In exchange for the exclusive right to sell or distribute electricity in our service area, IPL is subject to rate regulation by federal and state regulators. This regulation sets the framework for the prices (“tariffs”) that IPL is allowed to charge customers for electric services. Since tariffs are approved by the regulator, the price that IPL has the right to bill corresponds directly with the value to the customer of IPL’s performance completed in each period. Therefore, revenue under these contracts is recognized using an output method measured by the MWhs delivered each month at the approved tariff. Customer payments are typically due on a monthly basis.
Wholesale revenues - Power produced at the generation stations in excess of our retail load is required to be sold into the MISO market at either the day-ahead or real-time hourly market price, and these sales are classified as wholesale revenues. We sell to and purchase power from MISO, and such sales and purchases are settled and accounted for on a net hourly basis.

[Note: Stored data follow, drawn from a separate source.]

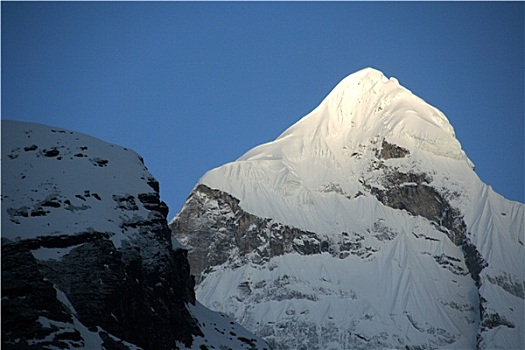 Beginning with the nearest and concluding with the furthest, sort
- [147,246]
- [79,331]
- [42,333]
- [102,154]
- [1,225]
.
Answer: [42,333] < [79,331] < [1,225] < [147,246] < [102,154]

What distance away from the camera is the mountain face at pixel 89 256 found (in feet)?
409

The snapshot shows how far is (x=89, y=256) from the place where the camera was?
465ft

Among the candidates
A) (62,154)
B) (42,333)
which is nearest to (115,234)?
(62,154)

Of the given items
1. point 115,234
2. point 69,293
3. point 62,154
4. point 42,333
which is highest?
point 62,154

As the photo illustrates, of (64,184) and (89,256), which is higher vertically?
(64,184)

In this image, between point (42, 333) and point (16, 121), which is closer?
point (42, 333)

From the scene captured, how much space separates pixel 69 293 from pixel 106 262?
5.23 m

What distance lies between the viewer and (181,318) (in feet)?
516

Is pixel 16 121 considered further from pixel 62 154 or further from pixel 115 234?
pixel 115 234

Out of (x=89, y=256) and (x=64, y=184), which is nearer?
(x=89, y=256)

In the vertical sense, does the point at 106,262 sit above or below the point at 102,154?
below

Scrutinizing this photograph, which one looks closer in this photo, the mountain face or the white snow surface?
the mountain face

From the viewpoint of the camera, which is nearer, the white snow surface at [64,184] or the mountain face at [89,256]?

In the MISO market, wholesale revenue is recorded at the spot price based on the quantities of MWh delivered in each day or hour during each month. As a member of MISO, we are obligated to declare the availability of our energy production into the wholesale energy market, but we are not obligated to commit our previously declared availability. As such, contract terms end as the energy for each day is delivered to the market in the case of the day-ahead market and for each hour in the case of the real-time market.

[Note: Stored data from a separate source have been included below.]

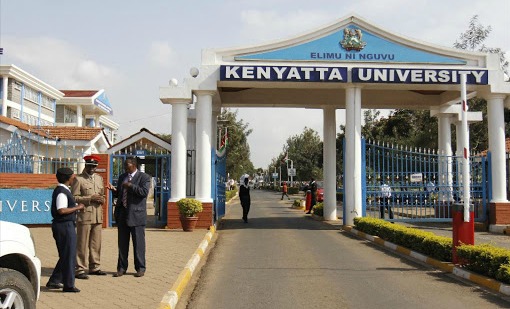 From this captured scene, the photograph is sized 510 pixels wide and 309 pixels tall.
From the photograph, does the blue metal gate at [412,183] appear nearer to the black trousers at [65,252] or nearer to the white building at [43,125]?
the white building at [43,125]

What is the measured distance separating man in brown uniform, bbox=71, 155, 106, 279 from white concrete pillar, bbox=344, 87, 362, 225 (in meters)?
9.50

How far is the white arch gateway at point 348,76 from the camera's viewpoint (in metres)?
15.9

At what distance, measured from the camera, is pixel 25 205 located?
15.1 metres

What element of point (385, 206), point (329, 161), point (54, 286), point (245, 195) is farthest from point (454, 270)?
point (245, 195)

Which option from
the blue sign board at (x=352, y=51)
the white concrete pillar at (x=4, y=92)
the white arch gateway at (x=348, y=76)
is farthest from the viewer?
the white concrete pillar at (x=4, y=92)

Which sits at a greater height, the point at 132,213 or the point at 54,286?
the point at 132,213

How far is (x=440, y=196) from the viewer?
1770 cm

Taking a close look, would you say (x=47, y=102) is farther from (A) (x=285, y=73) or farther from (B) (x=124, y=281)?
(B) (x=124, y=281)

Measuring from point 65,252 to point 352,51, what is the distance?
1163cm

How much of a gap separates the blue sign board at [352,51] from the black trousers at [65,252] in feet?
33.1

Miscellaneous revenues - Miscellaneous revenues are mainly comprised of MISO transmission revenues. MISO transmission revenues are earned when IPL’s power lines are used in transmission of energy by power producers other than IPL. As IPL owns and operates transmission lines in central Indiana, demand charges collected from network customers by MISO are allocated to the appropriate transmission owners (including IPL) and recognized as transmission revenues.
Transmission revenues have a single performance obligation, as transmission services represent a distinct service. Additionally, as the performance obligation is satisfied over time and the same method is used to measure progress, the performance obligation meets the criteria to be considered a series. The price that the transmission operator has the right to bill corresponds directly with the value to the customer of IPL’s performance completed in each period as the price paid is the transmission operators allocation of the tariff rate (as approved by the regulator) charged to network participants.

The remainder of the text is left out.